Triyanto Triwikromo
SIAPA pun Anda pasti tidak ingin terperosok ke dalam dosa. Namun, terus-terang, saya justru mengajak para sastrawan Jawa agar melakukan dosa kultural pada Kongres Sastra Jawa II yang digelar di Semarang, beberapa waktu lalu. Seruan subversif itu saya lontarkan karena risi pada istilah pertobatan sastra yang diungkapkan oleh Kang Tohari untuk menggambarkan upaya heroik sastrawan itu menerjemahkan ke dalam bahasa Jawa novel Ronggeng Dukuh Paruk dan Bekisar Merah menjadi Srinthil dan Jegingger. "Ya, pertobatan ini saya lakukan setelah Profesor Henk Maier mengingatkan mengapa saya tidak menulis dalam bahasa ibu."
Pertobatan, kita tahu, memang berkesan sebagai tindakan indah dan membuncahkan kesan religiusitas yang dalam. Pertobatan juga identik dengan perjalanan sunyi penuh makna setelah sepanjang waktu seseorang merayakan berbagai nafsu angkara dengan penuh kegairahan. Dalam novel Siddharta karya Herman Hesse yang inspiratif, pertobatan adalah perjalanan Siddharta menuju suwung setelah ia hidup dalam hiruk pikuk duniawi. Pertobatan, dengan demikian, adalah jalan menuju surga, nirwana yang tak terpermanai. Ia adalah jalan menuju pembebasan. Tapi pertobatan kultural justru melumpuhkan.
Saya tak hendak menghalang-halangi para sastrawan Jawa -Suparto Brata yang santun, Arswendo Atmowiloto yang trendi, Lanang Setiawan yang kreatif, dan Bonari Nabonenar yang heroik- untuk menerjemahkan novel, cerpen, dan puisi menjadi roman, cerkak, atau geguritan dalam bahasa Jawa.

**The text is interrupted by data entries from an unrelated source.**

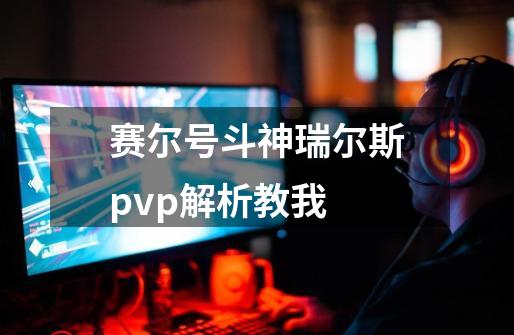 赛尔号斗神瑞尔斯pvp解析教我-第1张-游戏信息-龙启网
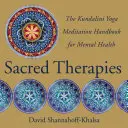 Posvätné terapie: Príručka meditácie kundaliní jogy pre duševné zdravie - Sacred Therapies: The Kundalini Yoga Meditation Handbook for Mental Health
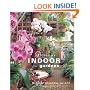 Glorious Indoor Gardens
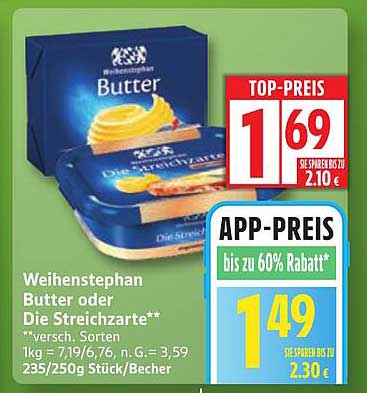 Weihenstephan Butter oder Die Streichzarte 235/250g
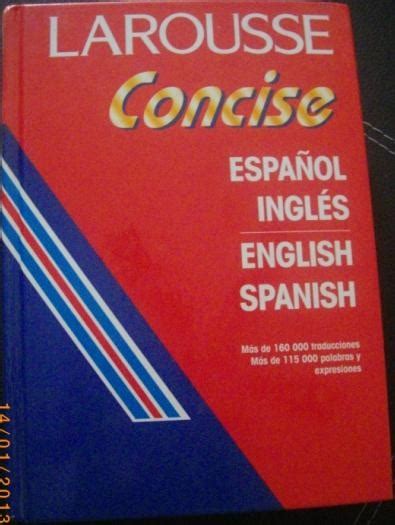 Diccionario Ingles  Español Larousse Concise Dmm.   $ 450 ...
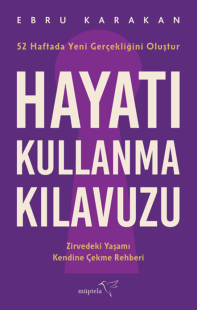 Hayatı Kullanma Kılavuzu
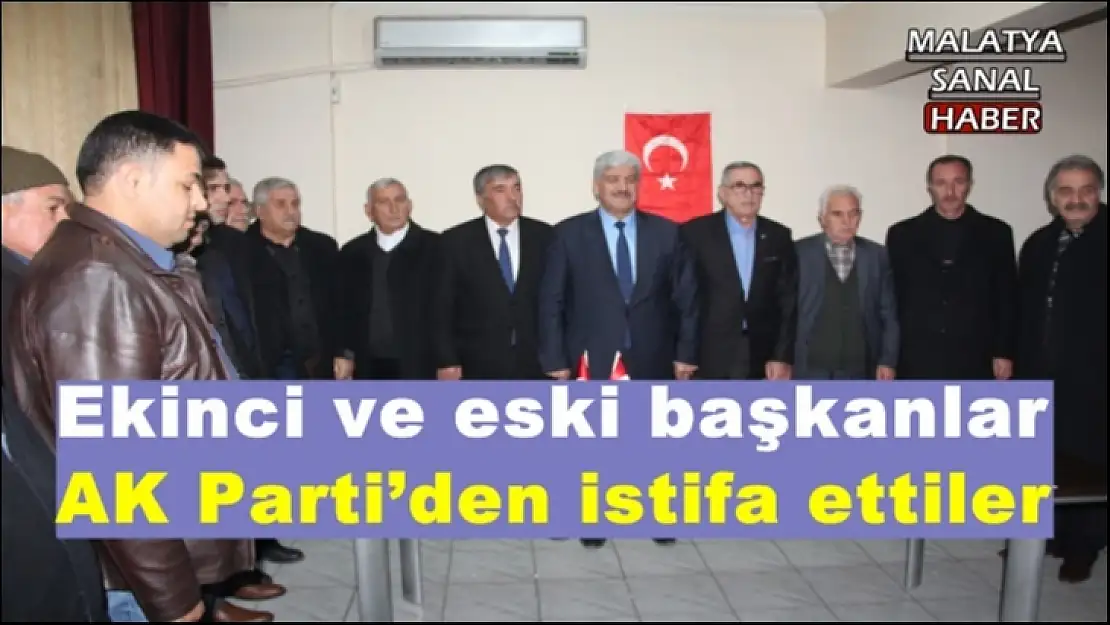 Ekinci ve eski başkanlar  AK Parti´den istifa ettiler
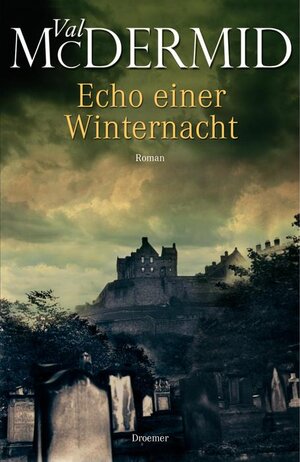 Buchcover Echo einer Winternacht | Val McDermid | EAN 9783426196687 | ISBN 3-426-19668-9 | ISBN 978-3-426-19668-7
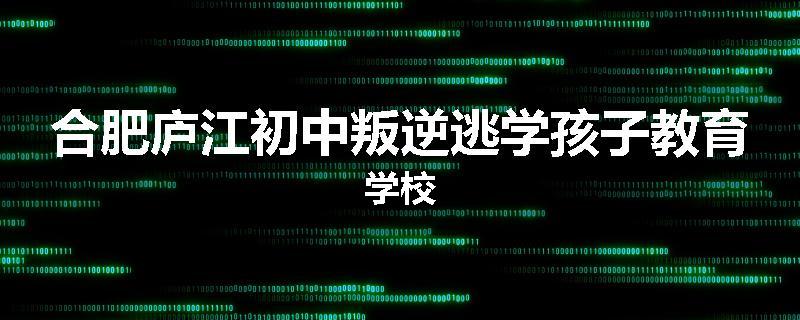 合肥庐江初中叛逆逃学孩子教育学校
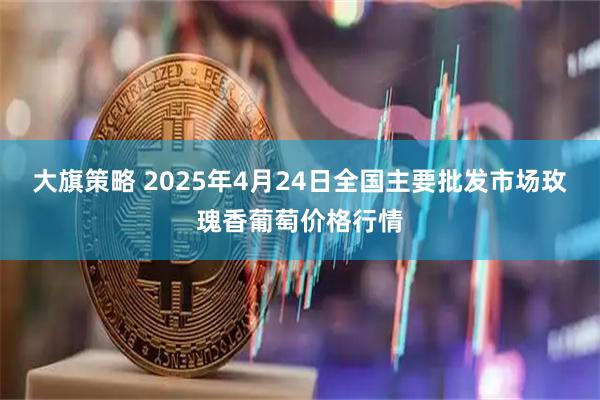 大旗策略 2025年4月24日全国主要批发市场玫瑰香葡萄价格行情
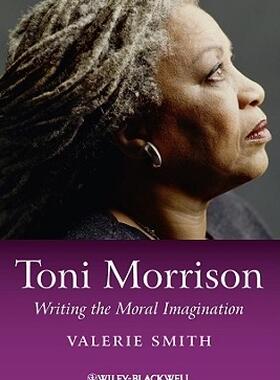 【预售】Toni Morrison: Writing the Moral Imagination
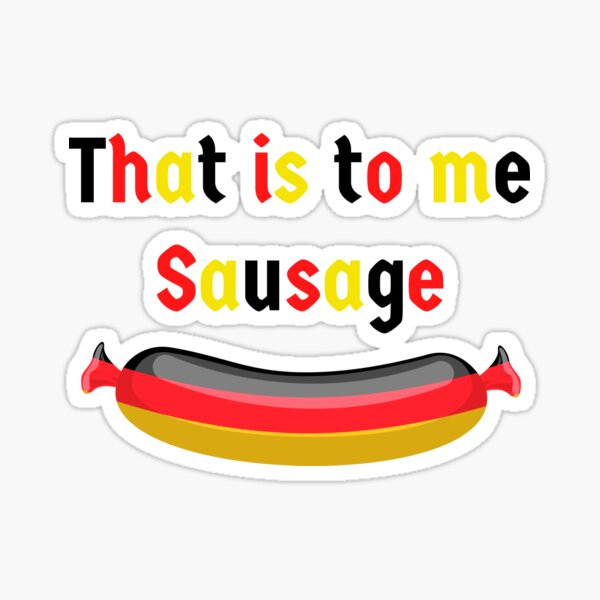 "Das ist mir Wurst Funny English Englisch" Sticker for Sale by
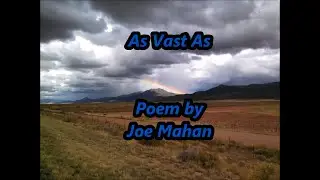 As Vast As: Poem by Joe Mahan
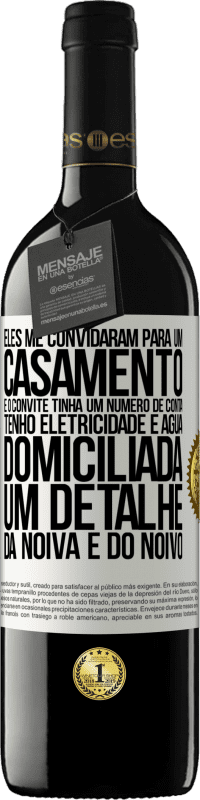 39,95 € Envio grátis | Vinho tinto Edição RED MBE Reserva Eles me convidaram para um casamento e o convite tinha um número de conta. Tenho eletricidade e água domiciliada. Um detalhe Etiqueta Branca. Etiqueta personalizável Reserva 12 Meses Colheita 2015 Tempranillo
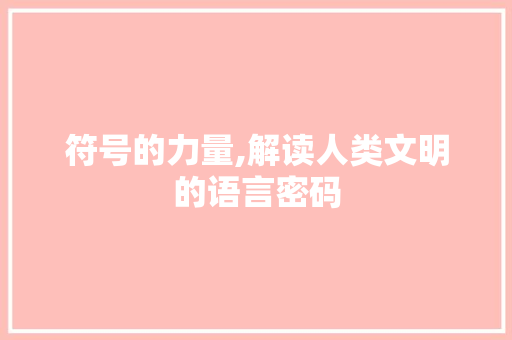 符号的力量,解读人类文明的语言密码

Saya tidak ingin menghalang-halangi "pertobatan" indah mereka.
Akan tetapi "pertobatan kultural" semacam itu bagi saya justru melumpuhkan kaki dan ruh sastra Jawa yang telah melesat ke medan yang lebih jembar lewat Pengakuan Pariyem (Linus Suryadi AG), Para Priyayi, Canting (Arswendo Atmowiloto), dan karya-karya religius-kejawen Kuntowijoyo atau Danarto.
Saya juga tidak bisa membayangkan, atas nama pertobatan, teks-teks puisi multilingual Darmanto Jatman yang telah mengglobal harus dihunjamkan lagi ke rahim bahasa ibu.
"No!" kata Bilung.
"Nehik!," kata Bunga.
"Ogah!" teriak Ciprut.
Karena itu, kalau diberi kesempatan melakukan kloning bagi perkembangan manusia Jawa, justru manusia semacam Darmanto Jatman-lah yang akan saya gandakan sebanyak-banyaknya. Ia orang yang tidak pernah menangisi Jawa lampau. Ia justru menggunakan keterbatasan dan kekurangan Jawa untuk bergaul dengan dunia global yang memang meniupkan semangat multikulturalisme. Ia adalah penyair yang dalam "Main Cinta Model Kwang Wung" bilang, "siang-malam, musnahlah beda kalian, laut-darat, musnahlah beda kalian, laki-perempuan, musnahlah beda kalian...hal korean, half chinese hawaiian american maiden -satus persen wong lanang jawa yogya-indonesia, musnahlah beda kalian!"
Ya, kebangsaan, kejawaan, jelas hanya fiksi.
"Hanya komunitas yang dibayangkan (imagined community)," kata Benedict Anderson.
"Hanya sesuatu yang berada dalam tanda kutip," kata Franz Magnis Suseno.
"Hanya dunia yang hadir karena kutipan-kutipan. Hanya sesuatu yang dibangun oleh intertekstualitas," seru Julia Kristeva.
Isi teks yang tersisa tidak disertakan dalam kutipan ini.